Et pourtant, il va falloir se retenir encore un peu de fermer les groupes Facebook où s’organise une part de nos vies. En attendant, nous espérons que cette démonstration vous montrera le potentiel d’un outil qui contribuera à rassembler, à organiser et à mobilizer… celles et ceux qui changent le monde.

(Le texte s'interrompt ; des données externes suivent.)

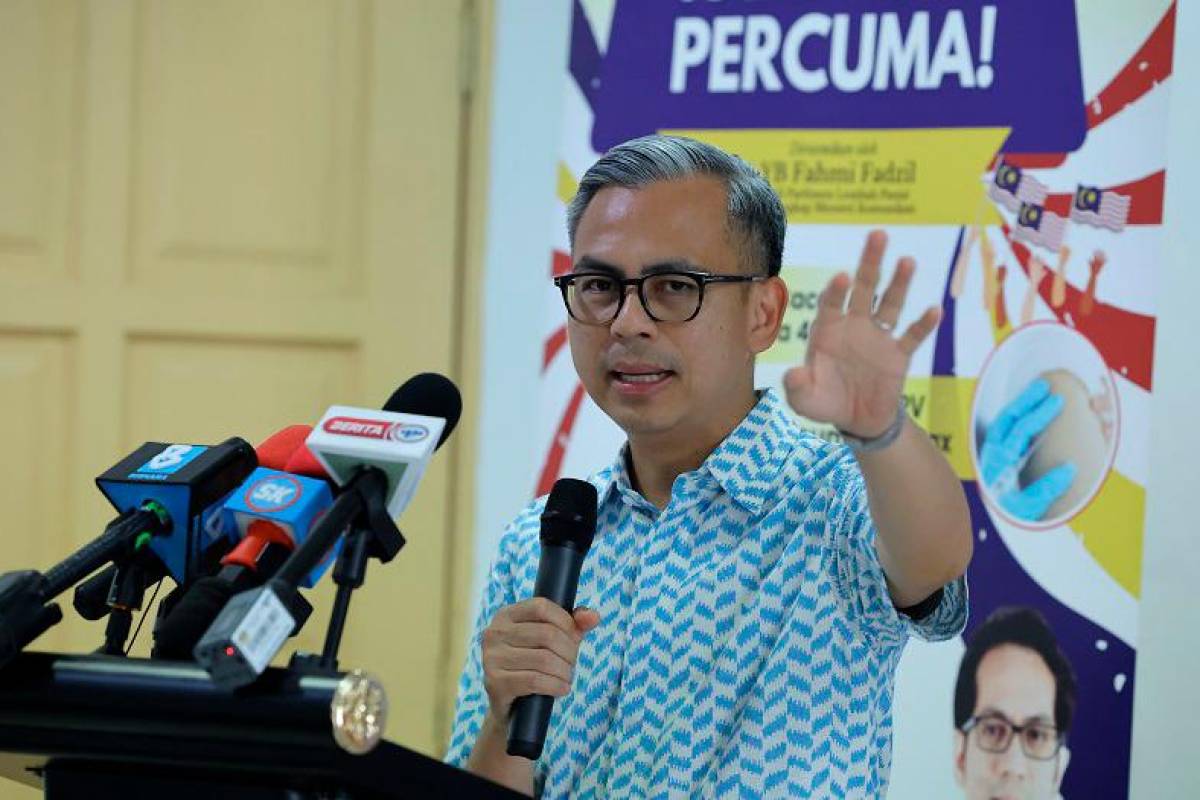 Tiga isu jenayah diberi penekanan dalam Kod Tatalaku media sosial - Fahmi Tiga isu jenayah diberi penekanan dalam Kod Tatalaku media sosial - Fahmi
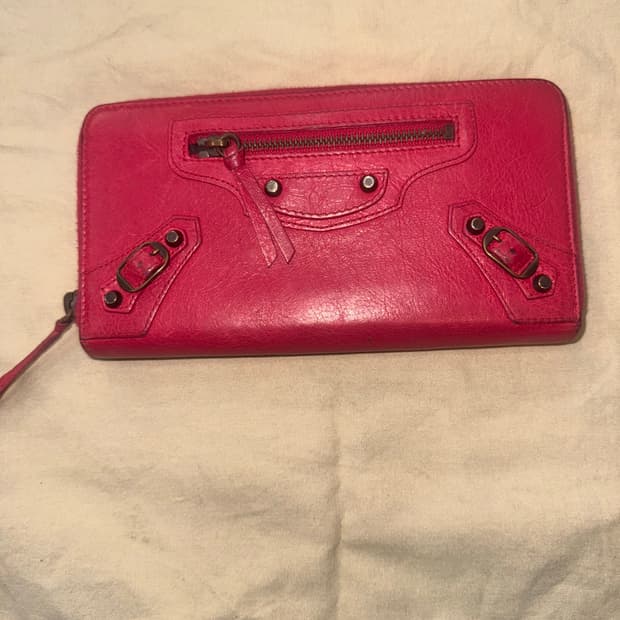 정품 발렌시아가 모터 장지갑 팝니다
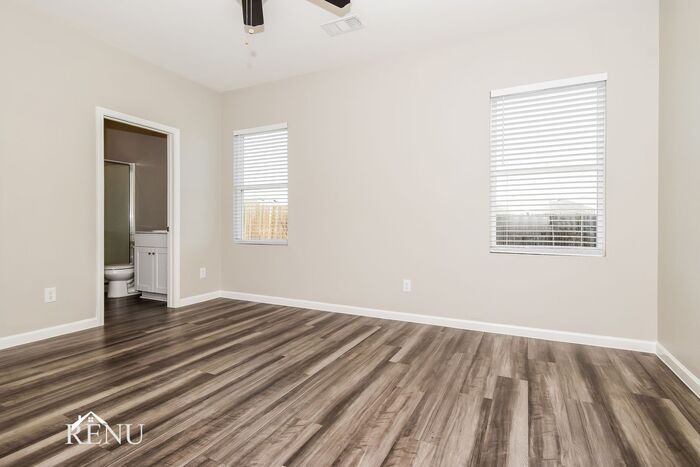 Building Photo - 6108 Harrah Ln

Rendez-vous sur la page des Carnets de Contributopia pour y découvrir d’autres articles, d’autres actions que nous avons menées grâce à vos dons. Si ce que vous venez de lire vous plaît, pensez à soutenir notre association, qui ne vit que par vos dons. Framasoft étant reconnue d’intérêt général, un don de 100 € d’un contribuable français reviendra, après déduction, à 34 €.

Soutenir Framasoft

Illustration d’entête : CC-By David Revoy

 


Notes

[1] Fédération :Si mon email hébergé par mon université peut communiquer avec un gmail hébergé par Google, c’est qu’ils parlent le même langage, qu’ils sont fédérés. La fédération, ici, désigne le fait d’utiliser un langage commun (un « protocole ») afin de se mettre en réseau. L’intérêt est que les capacités ne dépendent plus d’un seul acteur (ex: Facebook pour WhatsApp ou Facebook, Google pour YouTube, etc.), mais bien d’une multitude d’entreprises, associations, collectifs, institutions ou même particuliers en ayant les compétences. Chacun héberge une partie des données du réseau (comptes, messages, images, vidéos, etc), mais peut donner accès à d’autres parties du réseau. Cela afin de rendre l’ensemble plus résilient, plus indépendant ou plus difficile à contrôler. Ainsi, dans le cas de Mobilizon, différentes instances[2] du logiciel (sur les serveurs d’une faculté, d’un collectif ou d’une association comme Framasoft, par exemple) pourront synchroniser entre elles les données rendues publiques (événements, messages, groupes, etc). Lire cet article pour plus d’informations .

 

[2] Instance : une instance est un hébergement d’un logiciel fédéré. Ce logiciel se trouve donc sur un serveur, sous la responsabilité des personnes qui administrent ce serveur (qui ont donc le rôle d’hébergeur). Chaque hébergeur peut choisir de connecter (ou non) son instance avec d’autres, et donc de donner (ou non) un accès à ses membres aux informations qui y sont diffusées. Par exemple, framapiaf.org, mamot.fr et miaou.drycat.fr sont trois instances du logiciel Mastodon (respectivement des hébergeurs Framasoft, La Quadrature du Net et Drycat). Ces 3 instances étant fédérées, leurs membres peuvent échanger entre eux. Dans le même ordre d’idée, deux – ou même deux cents – instances Mobilizon peuvent être connectées entre elles et partager des événements.